● Goal of the exercise
Retype the listing found below exactly, but leave out each picture.

● Data shown
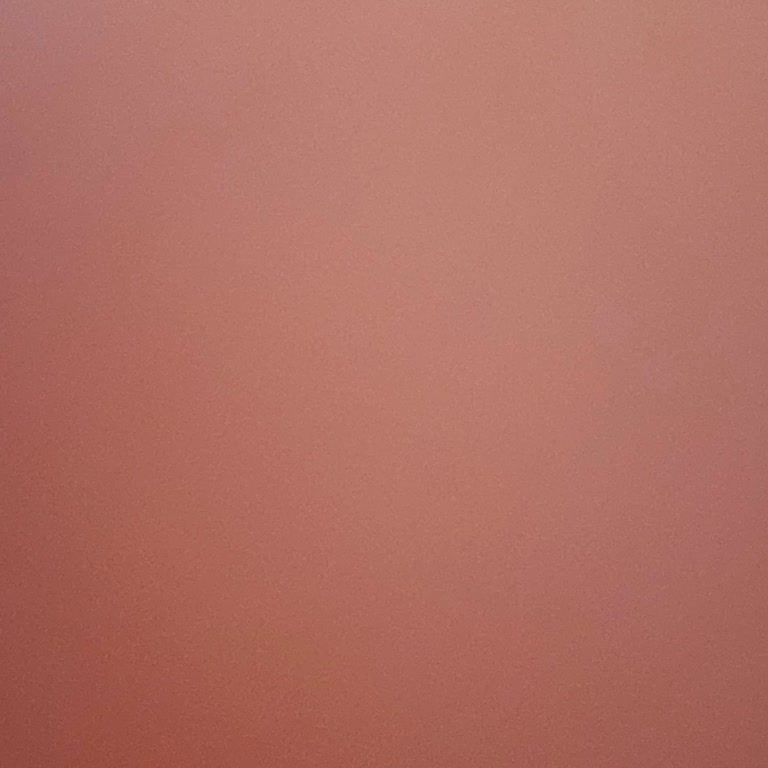 ATM'ye Yatırdığım 21.000 TL Hesabıma Geçmedi, Mağduriyetim Giderilmiyor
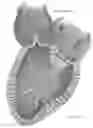 Fig. 16 - Platforms for mitral valve replacement
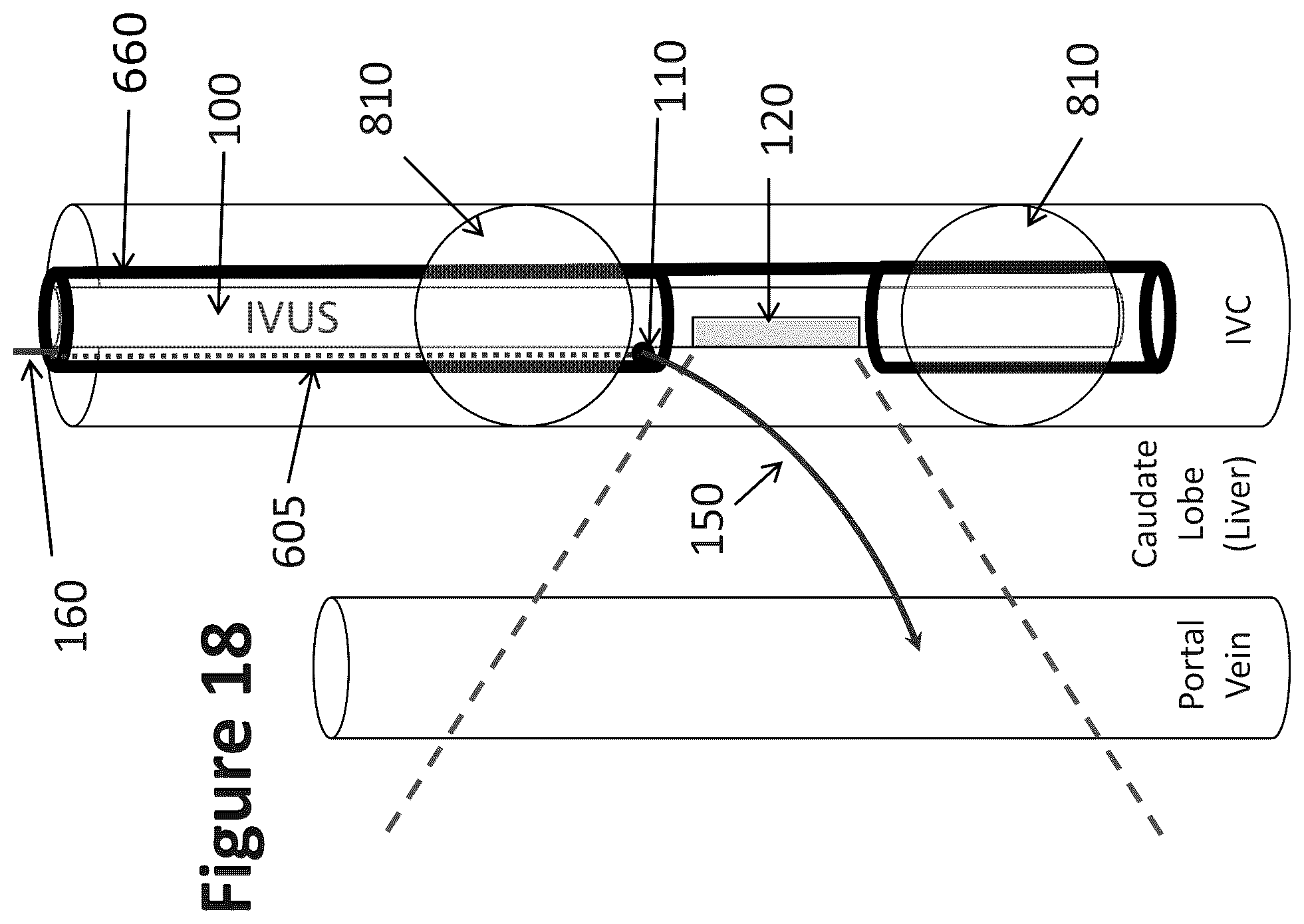 Patent US12303319 Figure 15 – Intravascular ultrasound needle guide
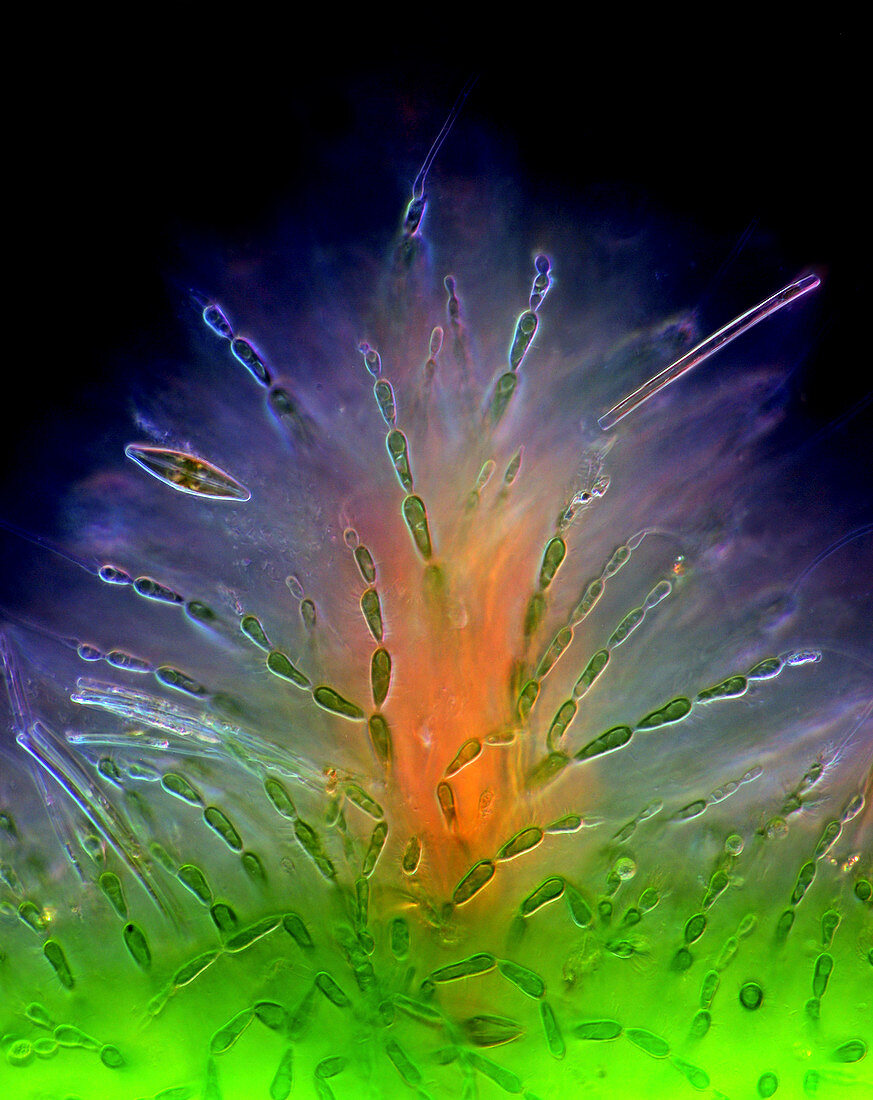 Diatoms on red algae,light micrograph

● The completed task
 ATM'ye Yatırdığım 21.000 TL Hesabıma Geçmedi, Mağduriyetim Giderilmiyor
 Fig. 16 - Platforms for mitral valve replacement
 Patent US12303319 Figure 15 – Intravascular ultrasound needle guide
 Diatoms on red algae,light micrograph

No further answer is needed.